──────── INFORMATION ────────
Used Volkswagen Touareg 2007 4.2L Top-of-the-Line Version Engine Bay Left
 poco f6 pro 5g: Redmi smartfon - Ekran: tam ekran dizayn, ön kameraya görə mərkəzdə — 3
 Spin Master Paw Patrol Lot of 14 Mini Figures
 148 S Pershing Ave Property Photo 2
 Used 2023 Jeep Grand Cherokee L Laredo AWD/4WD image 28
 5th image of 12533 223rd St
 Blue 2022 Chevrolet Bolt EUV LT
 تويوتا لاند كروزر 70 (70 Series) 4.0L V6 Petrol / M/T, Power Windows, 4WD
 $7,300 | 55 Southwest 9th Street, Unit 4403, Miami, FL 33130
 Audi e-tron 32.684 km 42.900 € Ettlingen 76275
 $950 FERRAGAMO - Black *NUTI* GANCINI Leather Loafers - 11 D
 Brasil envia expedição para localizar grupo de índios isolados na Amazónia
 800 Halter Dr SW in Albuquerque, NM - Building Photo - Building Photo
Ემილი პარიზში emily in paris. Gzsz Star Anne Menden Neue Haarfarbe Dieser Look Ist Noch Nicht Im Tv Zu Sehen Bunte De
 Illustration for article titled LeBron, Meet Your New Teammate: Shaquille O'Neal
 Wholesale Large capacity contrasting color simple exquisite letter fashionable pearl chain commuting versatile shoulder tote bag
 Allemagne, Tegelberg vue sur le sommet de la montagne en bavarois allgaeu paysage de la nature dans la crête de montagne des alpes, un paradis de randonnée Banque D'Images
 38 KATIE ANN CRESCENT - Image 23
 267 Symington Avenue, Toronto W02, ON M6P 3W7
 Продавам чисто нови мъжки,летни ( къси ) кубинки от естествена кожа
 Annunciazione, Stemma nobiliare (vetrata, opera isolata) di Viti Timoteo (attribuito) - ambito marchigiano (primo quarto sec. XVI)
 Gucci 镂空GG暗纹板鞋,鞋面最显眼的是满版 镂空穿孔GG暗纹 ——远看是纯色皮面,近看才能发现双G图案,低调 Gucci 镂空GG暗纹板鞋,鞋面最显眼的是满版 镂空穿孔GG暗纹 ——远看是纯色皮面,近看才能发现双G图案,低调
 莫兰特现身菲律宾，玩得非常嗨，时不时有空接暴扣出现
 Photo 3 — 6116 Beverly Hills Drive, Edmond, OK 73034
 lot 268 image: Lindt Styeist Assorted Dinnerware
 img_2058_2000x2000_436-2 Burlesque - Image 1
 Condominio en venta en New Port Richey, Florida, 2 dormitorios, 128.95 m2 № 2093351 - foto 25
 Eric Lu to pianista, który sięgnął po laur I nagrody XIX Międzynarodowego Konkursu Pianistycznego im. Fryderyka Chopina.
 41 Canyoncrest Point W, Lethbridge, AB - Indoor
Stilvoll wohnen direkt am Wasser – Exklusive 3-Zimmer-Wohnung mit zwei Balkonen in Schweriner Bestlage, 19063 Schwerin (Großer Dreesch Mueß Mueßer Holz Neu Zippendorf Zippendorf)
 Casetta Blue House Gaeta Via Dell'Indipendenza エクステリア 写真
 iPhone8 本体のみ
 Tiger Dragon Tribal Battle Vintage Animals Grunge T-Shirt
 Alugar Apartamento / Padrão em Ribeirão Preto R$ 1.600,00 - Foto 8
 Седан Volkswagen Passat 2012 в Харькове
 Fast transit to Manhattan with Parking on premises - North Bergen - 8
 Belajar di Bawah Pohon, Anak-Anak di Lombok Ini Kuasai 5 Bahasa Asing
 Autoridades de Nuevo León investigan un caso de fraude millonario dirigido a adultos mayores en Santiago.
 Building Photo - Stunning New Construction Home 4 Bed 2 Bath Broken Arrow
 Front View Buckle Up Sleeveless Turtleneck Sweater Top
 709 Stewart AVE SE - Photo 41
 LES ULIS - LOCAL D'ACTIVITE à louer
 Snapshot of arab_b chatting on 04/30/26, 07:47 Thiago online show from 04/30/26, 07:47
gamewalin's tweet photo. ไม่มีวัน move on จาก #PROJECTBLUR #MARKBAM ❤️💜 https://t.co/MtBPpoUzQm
────────
__WORK INSTRUCTION__: What lines in the data above contain the word "Used"? Copy them all.

__ANSWER__:
Used Volkswagen Touareg 2007 4.2L Top-of-the-Line Version Engine Bay Left
 Used 2023 Jeep Grand Cherokee L Laredo AWD/4WD image 28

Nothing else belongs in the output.